Ponowne przyjęcie i Przebaczenie.

Ponowne przyjęcie i Przebaczenie.

dnia 1 maja 2017

W drugim Liście do Koryntian rozdziale 2, czytamy o powrocie pewnego brata, który wcześniej był uczniem Pawła (1 Kor. 5). Paweł mówi: „powinniście go z powrotem do siebie przyjąć” (2 Kor. 2:6-8). Ten brat już dostał nauczkę po tym jak wszyscy w kościele go unikali – zobaczył jak mrocznie jest w świecie. Naprawił swój błąd i porzucił grzeszne drogi. Teraz jednak siedząc samotnie w domu czuł się zniechęcony i przygnębiony. Paweł poprosił kościół, aby go z powrotem przyjęli.

Zadaniem uczniów jest przyprowadzenie brata z powrotem do społeczności z Bogiem i kościołem. Ojciec dyscyplinuje swoje dziecko nie po to, aby je wyrzucić z domu, ale aby mógł stać się lepszym synem. Kiedy syn jest już dorosły, lecz nadal buntowniczy, wtedy ojciec może poprosić syna, aby opuścił jego dom, ale nawet w takiej sytuacji, jeżeli tylko syn zrozumie swój błąd (jak syn marnotrawny), ojciec z powrotem przyjmie go do swego domu. To jest to, o czym mówi tu Paweł. Mówi on: „Komu zaś wy coś przebaczacie, temu i ja” (2 Kor. 2:10). Następnie padają słowa do każdego z nas: „Aby nas szatan nie podszedł; jego zamysły bowiem są nam dobrze znane.” (2 Kor. 2:11). Jest to skrajnie niebezpieczne, aby żyć nie przebaczywszy innym.

 Jeżeli ktoś cię skrzywdził, a ty mu nie wybaczyłeś, szatan może zniszczyć ci życie.
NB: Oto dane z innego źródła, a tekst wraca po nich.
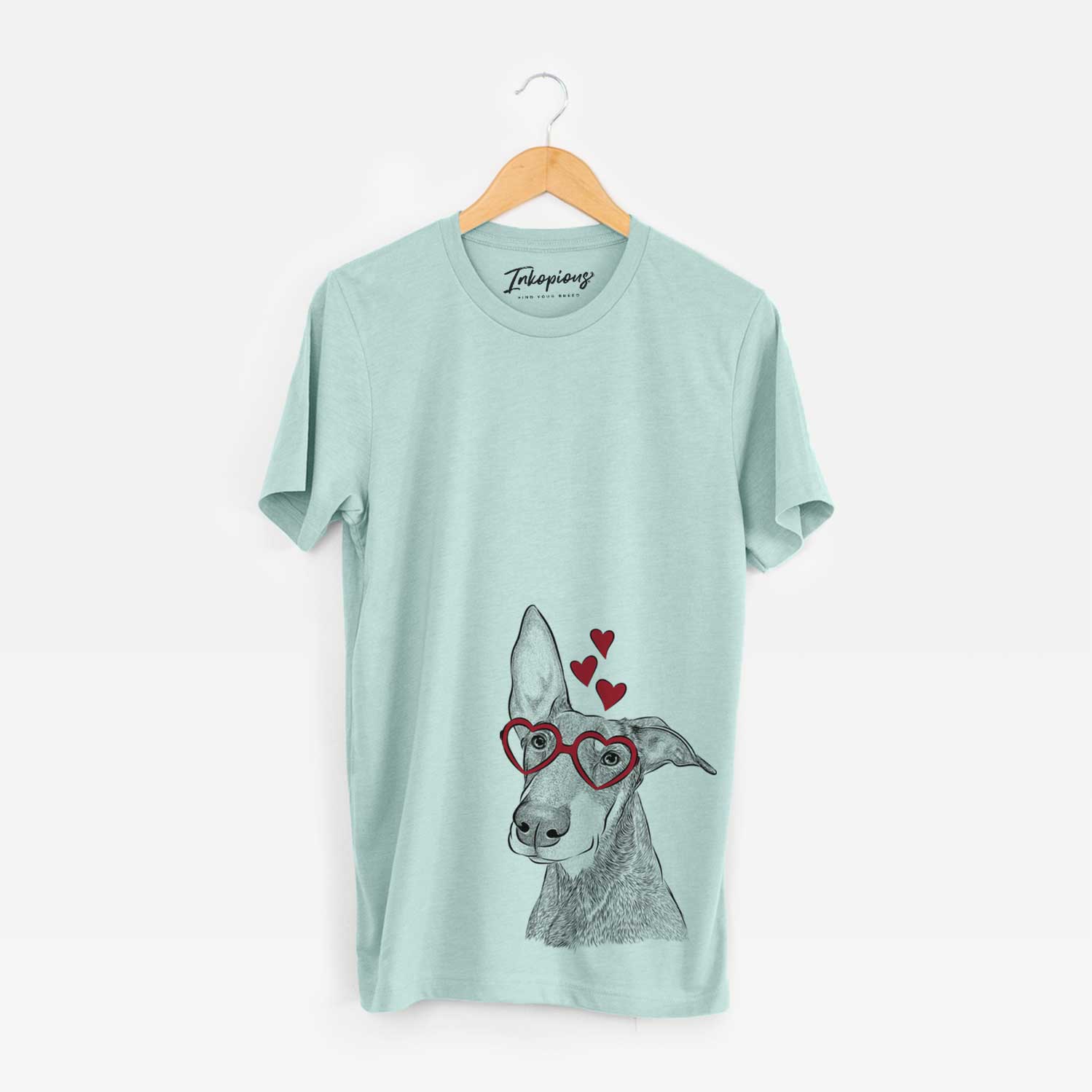 Hand-drawn sketch of Kain the Doberman Pinscher wearing heart-shaped glasses on a Heather Sage Bella Canvas Unisex Crewneck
Ten ktoś, kto cię skrzywdził może później z tego pokutować i wejść do Królestwa Bożego. Ty jednak, który nigdy nic złego mu nie uczyniłeś, możesz trafić do piekła, tylko dlatego, że mu nie wybaczyłeś. Wydaje się to być niesprawiedliwe – osoba, która była winna idzie do nieba, a ty który z jej winy cierpiałeś idziesz do piekła. Może się tak jednak wydarzyć, jeżeli on będzie ze swojej winy pokutować, a ty mu nie wybaczysz. Jezus powiedział: „A jeśli nie odpuścicie ludziom, i Ojciec wasz nie odpuści wam przewinień waszych.” (Mat. 6:15). A jeżeli twój niebiański Ojciec ci nie wybaczy, jak możesz wejść do nieba? Tak więc, jeżeli umrzesz bez wcześniejszego przebaczenia wszystkim ludziom, zgodnie z tym co powiedział Pan Jezus, trafisz do piekła, nie zważając na to jak długo wcześniej byłeś wierzący. Musimy więc rozwinąć w sobie nawyk wybaczania innym od razu, nie ważne co złego nam zrobili. W innym wypadku szatan zyska nad nami przewagę.
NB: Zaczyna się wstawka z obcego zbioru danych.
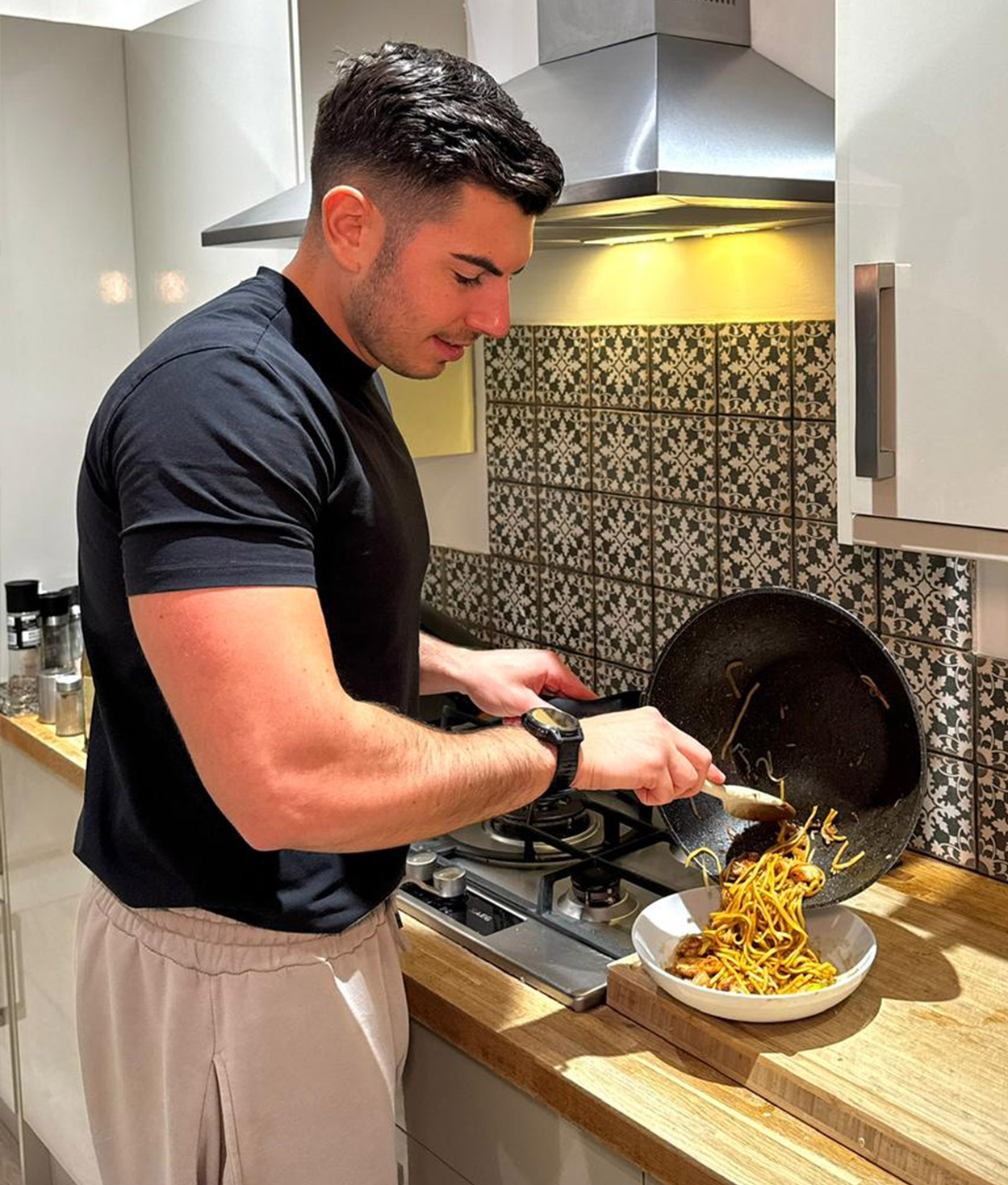 Coach cooking a meal in a kitchen.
Paweł mówi: „jego zamysły bowiem są nam dobrze znane.” ( 2 Kor. 2:11). Szatan zawsze będzie próbował nas na czymś przyłapać. Jak myślisz czemu szatan wciąż przypomina ci całe zło, które inni ci kiedyś uczynili? Myślisz, że on ci współczuje? Nie. On już przyłożył rękę do tego, aby ta osoba cię skrzywdziła. Teraz chce zapanować też nad tobą! Nie lekceważ jego zamysłów. Wszystkim wybaczaj.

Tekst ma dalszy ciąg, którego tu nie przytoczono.